(Supplied material begins)

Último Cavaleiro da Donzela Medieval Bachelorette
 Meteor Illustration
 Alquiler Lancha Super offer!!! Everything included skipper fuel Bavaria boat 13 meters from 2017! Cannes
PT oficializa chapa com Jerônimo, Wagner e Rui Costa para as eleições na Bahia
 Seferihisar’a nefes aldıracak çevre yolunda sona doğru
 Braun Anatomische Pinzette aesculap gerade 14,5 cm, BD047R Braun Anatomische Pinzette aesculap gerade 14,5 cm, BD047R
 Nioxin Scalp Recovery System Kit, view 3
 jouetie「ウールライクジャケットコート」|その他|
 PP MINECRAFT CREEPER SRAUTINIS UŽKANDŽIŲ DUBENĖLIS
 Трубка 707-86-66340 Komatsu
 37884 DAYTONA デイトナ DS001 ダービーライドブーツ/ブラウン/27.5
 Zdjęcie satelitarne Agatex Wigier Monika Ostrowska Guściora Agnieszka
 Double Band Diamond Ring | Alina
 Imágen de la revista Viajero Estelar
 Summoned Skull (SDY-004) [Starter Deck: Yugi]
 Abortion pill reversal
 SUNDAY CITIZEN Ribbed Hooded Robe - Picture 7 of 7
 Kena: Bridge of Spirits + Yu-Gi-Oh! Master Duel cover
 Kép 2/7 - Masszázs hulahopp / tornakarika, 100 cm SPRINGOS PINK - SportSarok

(Supplied material ends)

Set down exactly the line with "Nioxin Scalp Recovery System Kit, view 3" and each line after it up to the end of the records, adding nothing.

- Exercise output -
 Nioxin Scalp Recovery System Kit, view 3
 jouetie「ウールライクジャケットコート」|その他|
 PP MINECRAFT CREEPER SRAUTINIS UŽKANDŽIŲ DUBENĖLIS
 Трубка 707-86-66340 Komatsu
 37884 DAYTONA デイトナ DS001 ダービーライドブーツ/ブラウン/27.5
 Zdjęcie satelitarne Agatex Wigier Monika Ostrowska Guściora Agnieszka
 Double Band Diamond Ring | Alina
 Imágen de la revista Viajero Estelar
 Summoned Skull (SDY-004) [Starter Deck: Yugi]
 Abortion pill reversal
 SUNDAY CITIZEN Ribbed Hooded Robe - Picture 7 of 7
 Kena: Bridge of Spirits + Yu-Gi-Oh! Master Duel cover
 Kép 2/7 - Masszázs hulahopp / tornakarika, 100 cm SPRINGOS PINK - SportSarok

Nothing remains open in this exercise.